Mia called the child her "chap", and it was carried by both Susannah and Mia. Susannah had become pregnant with Roland's seed from the demon she copulated with in The Waste Lands, during Jake's Drawing. The demon, a hermaphrodite able to change its sex, had copulated previously with Roland as a female in The Gunslinger while Roland protected Jake and queried it for information. The demon had somehow preserved Roland's semen (and allowed it to be somehow mixed with that of the Crimson King's seed) and impregnated Susannah with it while male. Mia possessed Susannah in order to take over the birthing of her "chap".

Mia is killed and eaten by her child, Mordred, shortly after giving birth.

===Mordred Deschain===
Son of two fathers and two mothers, Mordred was born of Susannah's egg fertilized by the seed of both Roland of Gilead and the Crimson King, and carried to term by Mia. Mordred is half-human, half-spider, able to transform between the two, and if his fate is fulfilled, he will both kill Roland and topple the Dark Tower itself. He is both very powerful and extremely arrogant. Growing at a rapid speed, Mordred passes from childhood through adolescence in a matter of months. His abilities include the ability to change between human form and spider form at will and absorbing a victim's knowledge and experience by devouring them. Mordred becomes deathly ill after eating poisoned horse meat, and when he makes a final attempt to kill Roland, he is attacked by Oy. Oy is able to distract Mordred long enough to allow Roland to wake up and kill his son at the threshold of the Dark Tower.

===Richard Patrick Sayre===
Richard Patrick Sayre is a high-ranking can-toi and a member of the Sombra Corporation. Like the other members of his race, he dresses in garishly colored clothing and has a raw spot on his forehead that continually wells up with blood without scabbing or spilling down his face.

As revealed in Wolves of the Calla, Sayre lured Father Callahan to Sombra's offices by offering a million dollars to the charity he was working for. It was a trap, where Sayre intended to use Type Three vampires to give Callahan AIDS. His plan failed when Callahan committed suicide by jumping out the window.

In Song of Susannah and The Dark Tower, Sayre is the man in charge of delivering Mia's baby.

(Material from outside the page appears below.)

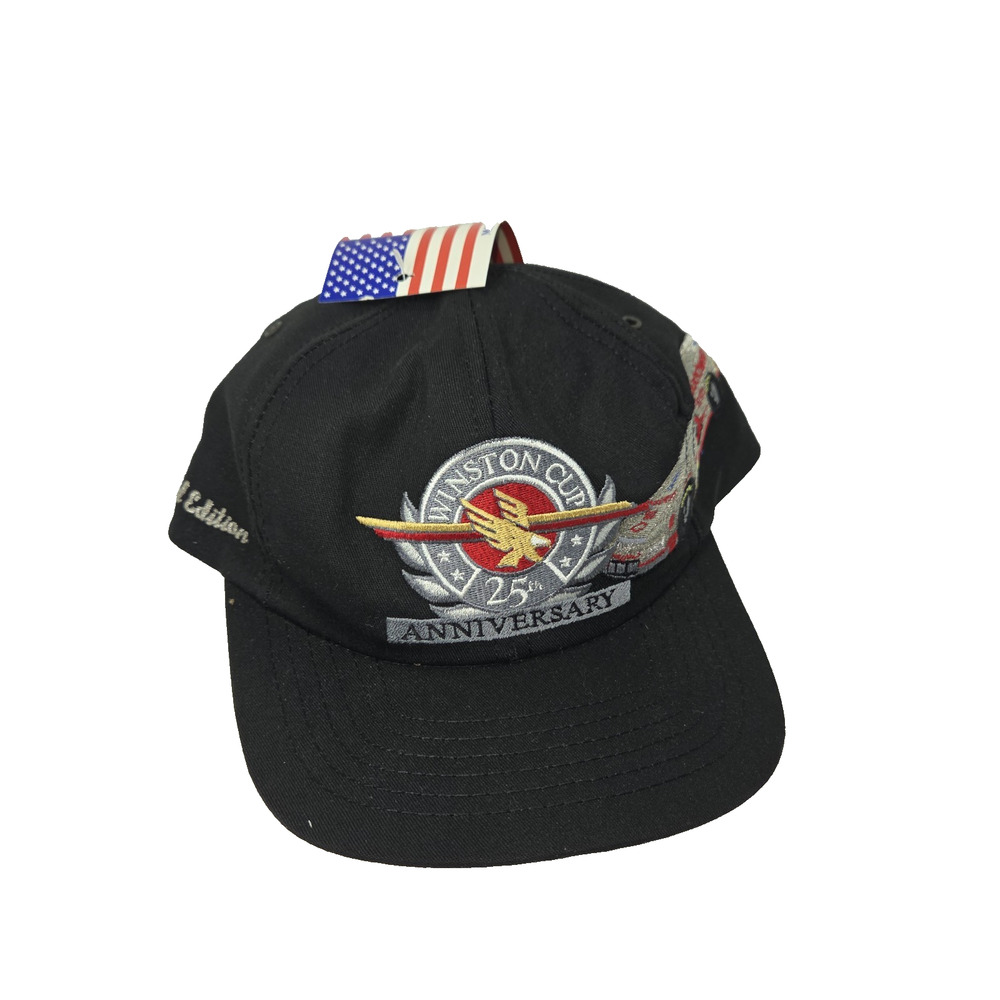 Vintage Dale Earnhardt Hat Winston Cup 25th Anniversary Snapback Cap NASCAR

He calls Susannah/Mia in their hotel room, telling them to go to the Dixie Pig. He takes them through the door into Fedic, where Mia is placed on a bed to deliver Mordred Deschain. After his birth, Susannah grabs a gun and shoots Sayre in the head.

In the film adaptation of The Dark Tower from 2017, Sayre is played by Jackie Earl Haley.

===Finli O'Tego===
Finli O'Tego is a weasel-headed Taheen who appears in the fifth and seventh Dark Tower books. His voice is heard over a communications system in Wolves of the Calla, when Ben Slightman the Elder is making a report, and he appears in person during The Dark Tower.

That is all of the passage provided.